*SUPPLIED INFORMATION*:
□ □ □ □ □
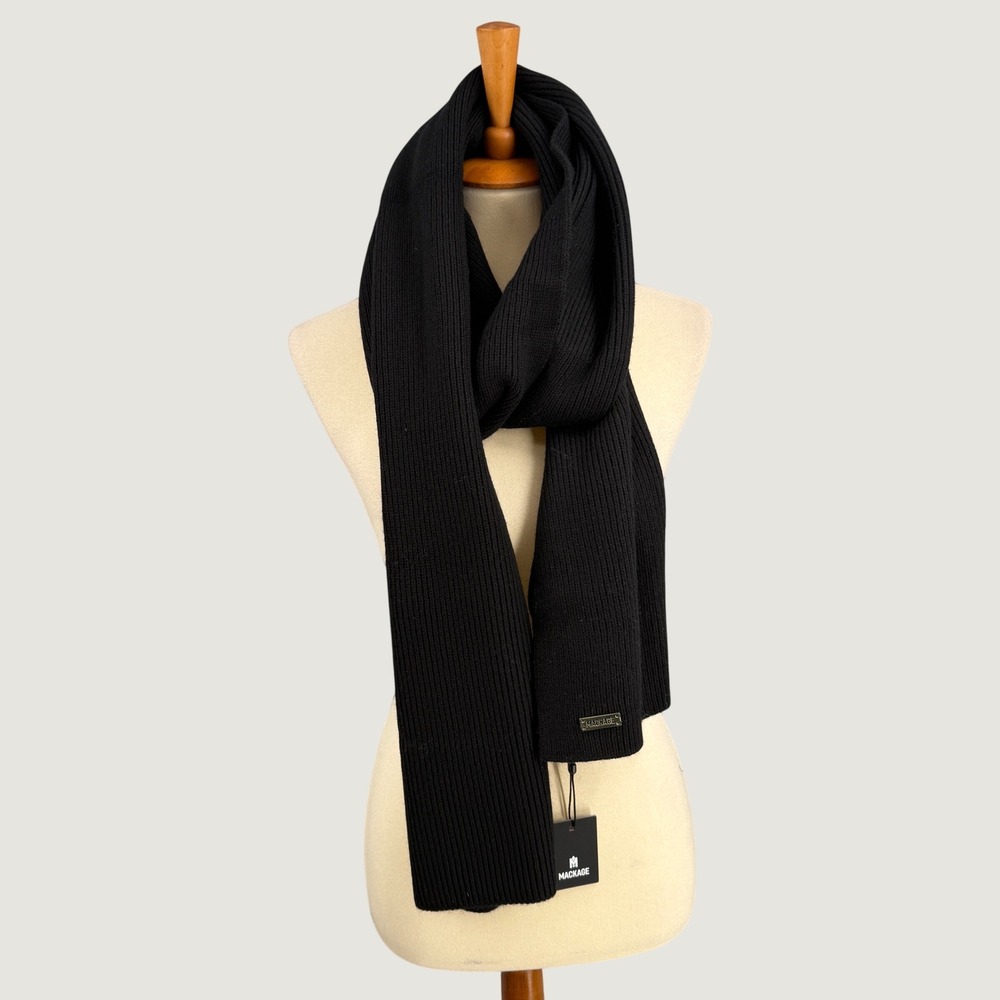 Mackage Benson Black Ribbed Knit Wool Blend Scarf NWT One Size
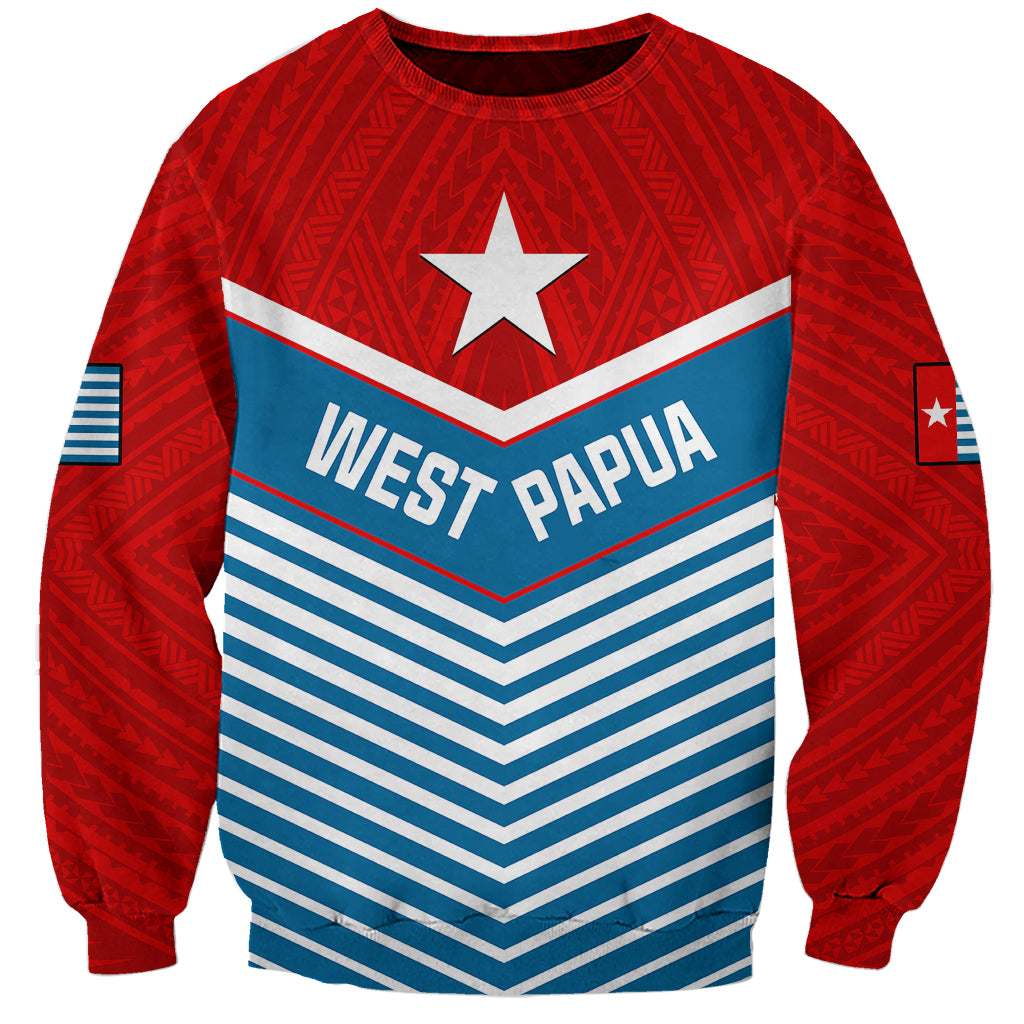 West Papua Sweatshirt Coat Of Arms And Morning Star Flag - Wonder Print Shop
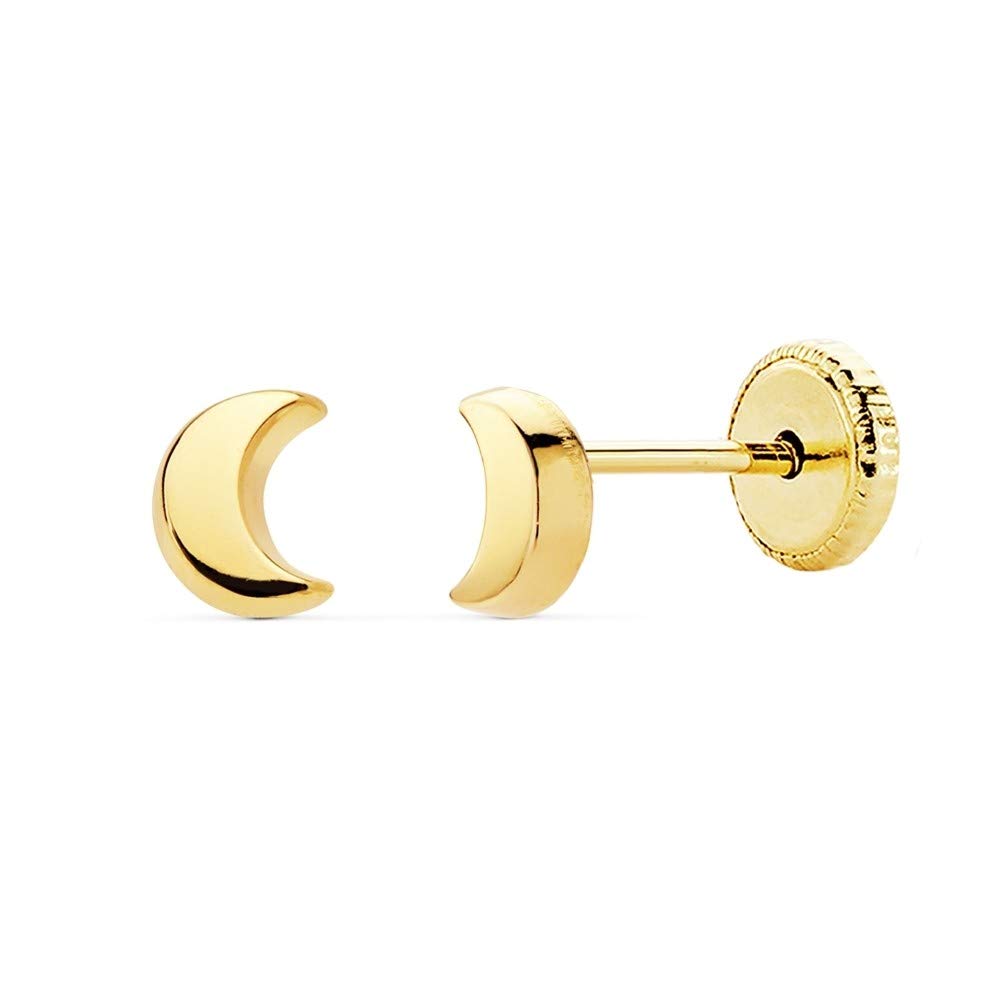 Pendientes Oro 18K Bebé 4.5mm. Luna Lisa Cierre Tuerca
□ □ □ □ □
*EXERCISE BRIEF*: Output the listing exactly, without images.

*EXPECTED ANSWER*:
 Mackage Benson Black Ribbed Knit Wool Blend Scarf NWT One Size
 West Papua Sweatshirt Coat Of Arms And Morning Star Flag - Wonder Print Shop
 Pendientes Oro 18K Bebé 4.5mm. Luna Lisa Cierre Tuerca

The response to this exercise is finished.